Die Inhaftierten leben im Gefängnis in einem Stufensystem. Wer nicht eskaliert und seinen über einen Zeitraum Aufgaben zuverlässig nachgeht, wird durch mehr Stunden außerhalb der Zelle oder sogar Freigang außerhalb des Gefängnisses belohnt. Die Krönung ist, dass sich die Haftstrafe durch gute Führung sogar verkürzen kann.

Genauso funktioniert das System aber auch in die andere Richtung. Wer auffällig wird, in Schwierigkeiten verwickelt ist, muss länger am Tag alleine in seiner Zelle bleiben - und wenn es richtig schlecht läuft, sogar länger in Haft.

Beim Vorbeigehen sind aus manchen der gelben Zellentüren Stimmen zu hören. Hinter einer wird gesungen. Nicht verträumt vor sich hin, sondern laut, als ob da jemand weiß, dass er gehört wird. Im Flur vor den Zellen, stehen ein Billardtisch, ein Kicker und eine Tischtennisplatte.

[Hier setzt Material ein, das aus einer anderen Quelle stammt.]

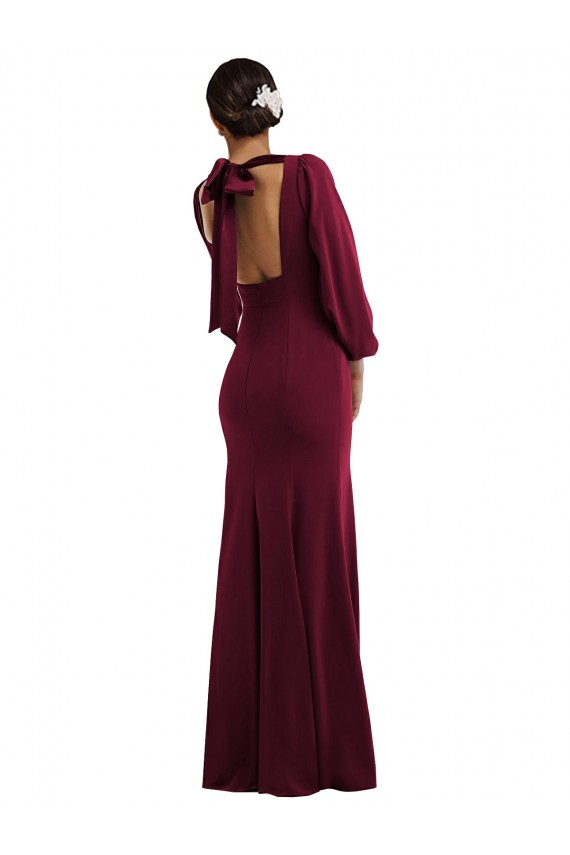 Burgundy Gold Bateau Neck Long Sleeves Open Back Long Prom Dress Canada Supplier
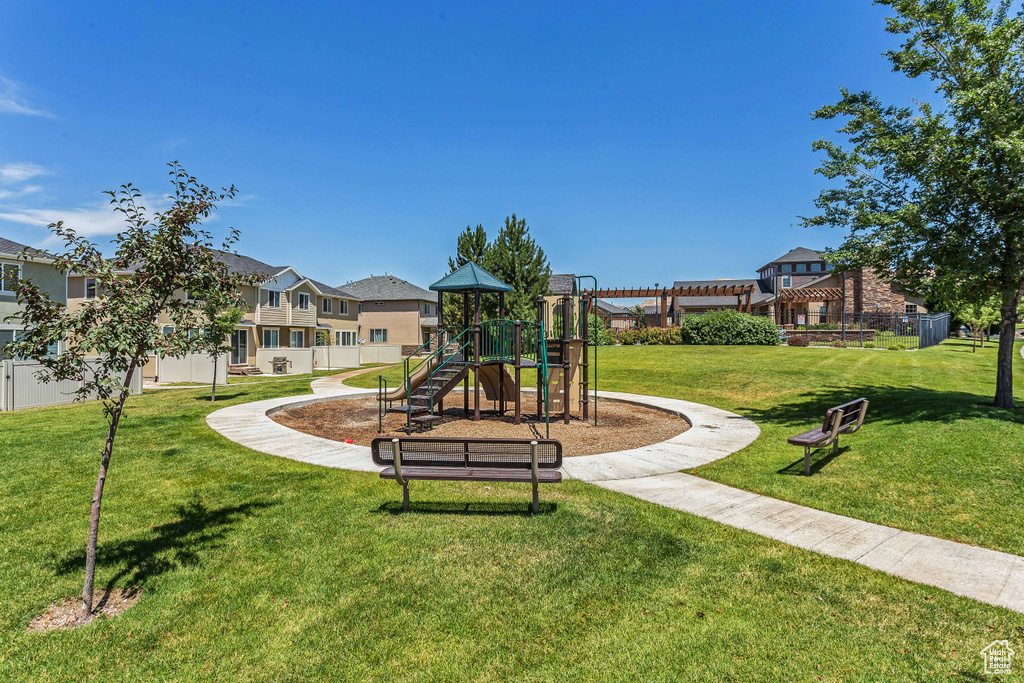 Communal playground with a residential view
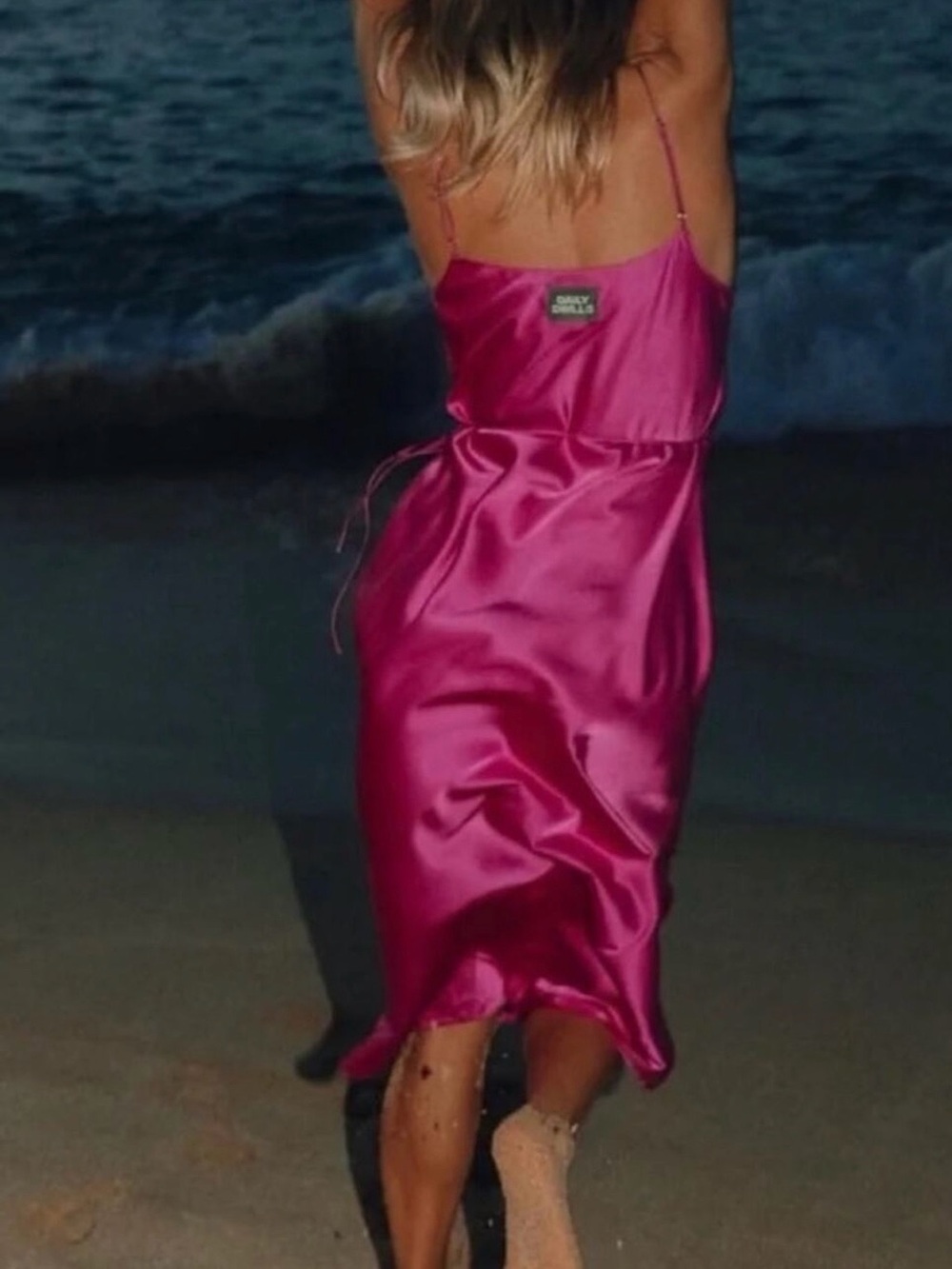 DAILY DRILLS Silky Slip Dress in Hot Pink Size Small S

Jede Wohneinheit hat eine eigene Küche, in der die Inhaftierten miteinander kochen können. Vielen schmeckt das ausgeteilte Essen nicht besonders, erzählt Baskin, dann kochen sie sich selbst etwas.

Die Inhaftierten gehen im Gefängnis zur Schule oder können eine Ausbildung in einer der Werkstätten machen. Einige machen auch nichts, sitzen in ihren Zellen. Wer aber zur Schule geht oder eine Ausbildung macht, kann dafür bis zu zwölf Euro am Tag verdienen.

Einen Teil davon dürfen sie im Gefängnisladen für Essen oder ähnliches ausgeben oder sich einen Fernseher für ihr Zimmer mieten. Den Rest müssen sie sparen, für ihre Zeit nach dem Gefängnis.

Inhaftierter: Ohne manche Bedienstete wäre es noch schlimmer

Einer, der eine Ausbildung in dem gefängniseigenen Friseursalon macht, ist Murat, der eigentlich anders heißt. Murat ist groß, vielleicht Anfang 20. Wie die anderen Häftlinge trägt er braune Schuhe, eine beige Fleecejacke und Trainingshosen.

Seit einem Jahr ist er im Gefängnis - für welche Tat, darf nicht erfragt werden. Eineinhalb Jahre hat er noch abzusitzen und dem kann er nichts Gutes abgewinnen. "Das hier ist Gefängnis. Das kann man nicht schönreden. Ich will nie wieder hier rein", sagt er. Schwierig finde er, dass er mit vielen Menschen auf einem Raum leben müsse, die er sich nicht ausgesucht habe. Und die ja alle kriminell seien, das dürfe man nicht vergessen.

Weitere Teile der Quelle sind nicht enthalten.